PixNerd: Pixel Neural Field Diffusion
This addresses inefficiencies in image generation for AI researchers by offering a more efficient alternative to existing methods, though it appears incremental as it builds on neural field and diffusion concepts.
The paper tackled the problem of accumulated errors and decoding artifacts in diffusion transformers by proposing PixNerd, a single-stage method using neural field representation, achieving 2.15 FID on ImageNet 256x256 and 2.84 FID on ImageNet 512x512 without complex pipelines or VAEs.

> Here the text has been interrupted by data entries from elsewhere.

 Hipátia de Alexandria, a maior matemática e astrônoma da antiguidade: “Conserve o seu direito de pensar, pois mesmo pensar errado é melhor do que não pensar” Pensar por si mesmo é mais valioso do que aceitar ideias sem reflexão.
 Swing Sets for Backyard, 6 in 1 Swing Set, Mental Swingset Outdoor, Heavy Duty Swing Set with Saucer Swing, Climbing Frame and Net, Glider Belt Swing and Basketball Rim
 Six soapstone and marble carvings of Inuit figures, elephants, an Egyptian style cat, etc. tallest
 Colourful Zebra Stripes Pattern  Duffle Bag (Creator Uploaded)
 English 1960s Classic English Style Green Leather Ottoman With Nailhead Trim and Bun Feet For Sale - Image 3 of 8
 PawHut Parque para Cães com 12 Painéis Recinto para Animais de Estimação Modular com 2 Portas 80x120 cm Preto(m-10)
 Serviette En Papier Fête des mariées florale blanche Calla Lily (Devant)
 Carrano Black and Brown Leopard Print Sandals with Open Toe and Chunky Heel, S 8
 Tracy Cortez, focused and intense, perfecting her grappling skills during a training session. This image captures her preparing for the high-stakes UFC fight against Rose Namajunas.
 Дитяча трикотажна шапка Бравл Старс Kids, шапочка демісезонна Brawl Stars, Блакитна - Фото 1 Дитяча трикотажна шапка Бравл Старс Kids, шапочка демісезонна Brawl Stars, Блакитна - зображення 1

The current success of diffusion transformers heavily depends on the compressed latent space shaped by the pre-trained variational autoencoder(VAE). However, this two-stage training paradigm inevitably introduces accumulated errors and decoding artifacts. To address the aforementioned problems, researchers return to pixel space at the cost of complicated cascade pipelines and increased token complexity. In contrast to their efforts, we propose to model the patch-wise decoding with neural field and present a single-scale, single-stage, efficient, end-to-end solution, coined as pixel neural field diffusion~(PixelNerd). Thanks to the efficient neural field representation in PixNerd, we directly achieved 2.15 FID on ImageNet $256\times256$ and 2.84 FID on ImageNet $512\times512$ without any complex cascade pipeline or VAE. We also extend our PixNerd framework to text-to-image applications. Our PixNerd-XXL/16 achieved a competitive 0.73 overall score on the GenEval benchmark and 80.9 overall score on the DPG benchmark.